◆ **RECORDS TO PROCESS**:
● ● ● ● ●

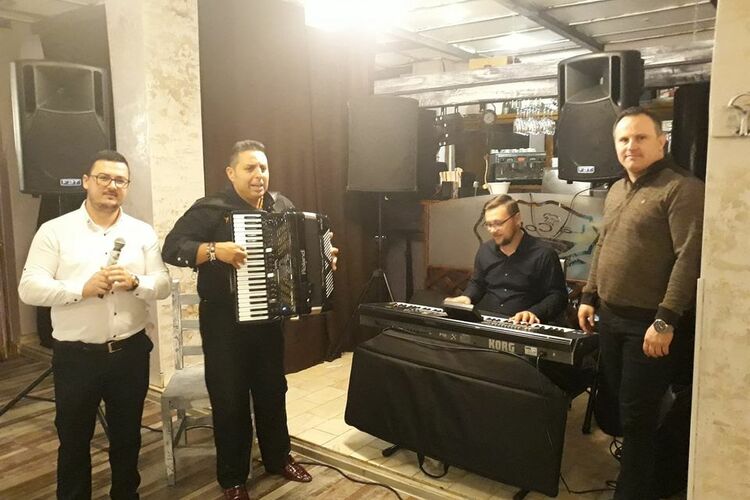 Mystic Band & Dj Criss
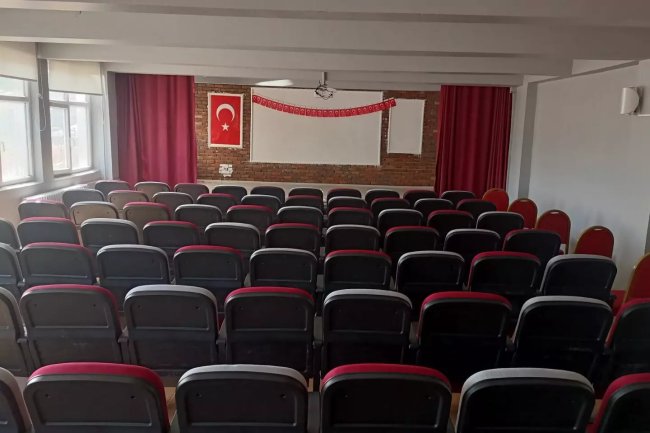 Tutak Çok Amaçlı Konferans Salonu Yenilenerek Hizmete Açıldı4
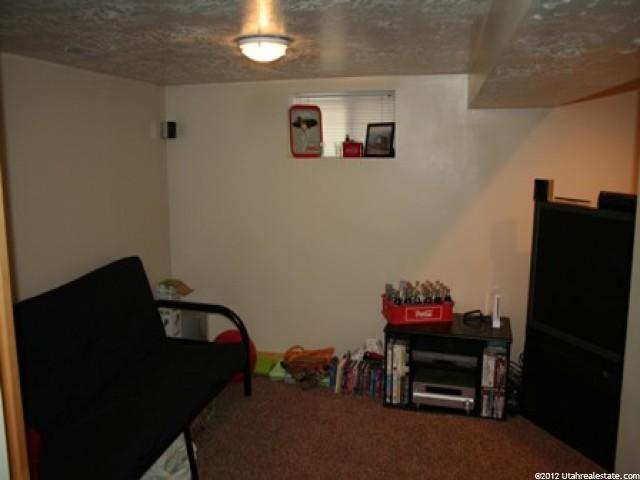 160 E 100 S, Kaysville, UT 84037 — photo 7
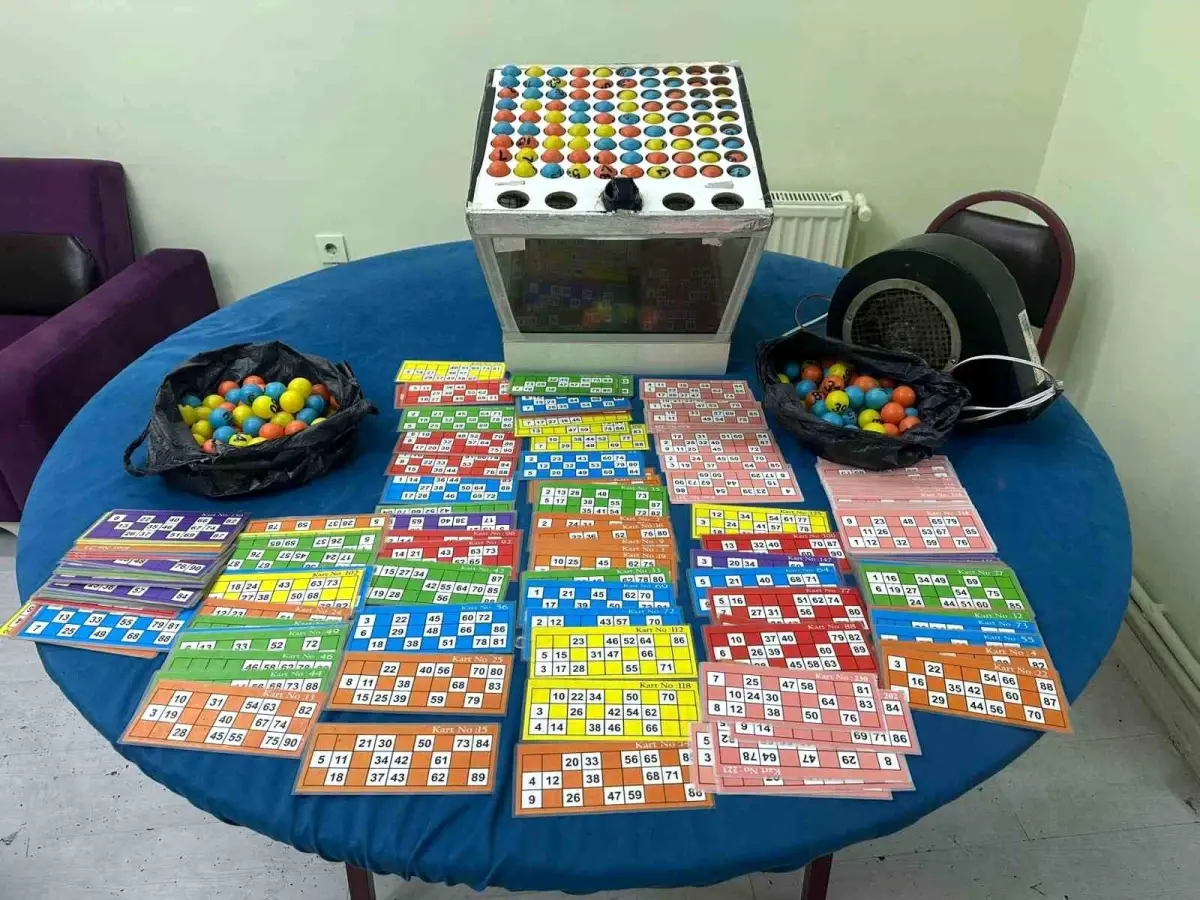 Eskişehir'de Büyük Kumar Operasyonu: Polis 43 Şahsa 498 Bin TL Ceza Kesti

● ● ● ● ●

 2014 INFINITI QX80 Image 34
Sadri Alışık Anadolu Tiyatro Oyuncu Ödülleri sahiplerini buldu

● ● ● ● ●

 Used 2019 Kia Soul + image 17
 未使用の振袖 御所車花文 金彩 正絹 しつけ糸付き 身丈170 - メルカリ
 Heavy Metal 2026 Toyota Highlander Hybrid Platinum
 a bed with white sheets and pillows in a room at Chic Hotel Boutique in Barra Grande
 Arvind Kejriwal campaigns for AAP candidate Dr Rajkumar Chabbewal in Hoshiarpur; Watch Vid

● ● ● ● ●

◆ **BRIEF**: The expected output is exactly the lines of the listing above between the line holding "a bed with white" and the line holding "Arvind Kejriwal campaigns", inclusive.

◆ **EXERCISE ANSWER**:
 a bed with white sheets and pillows in a room at Chic Hotel Boutique in Barra Grande
 Arvind Kejriwal campaigns for AAP candidate Dr Rajkumar Chabbewal in Hoshiarpur; Watch Vid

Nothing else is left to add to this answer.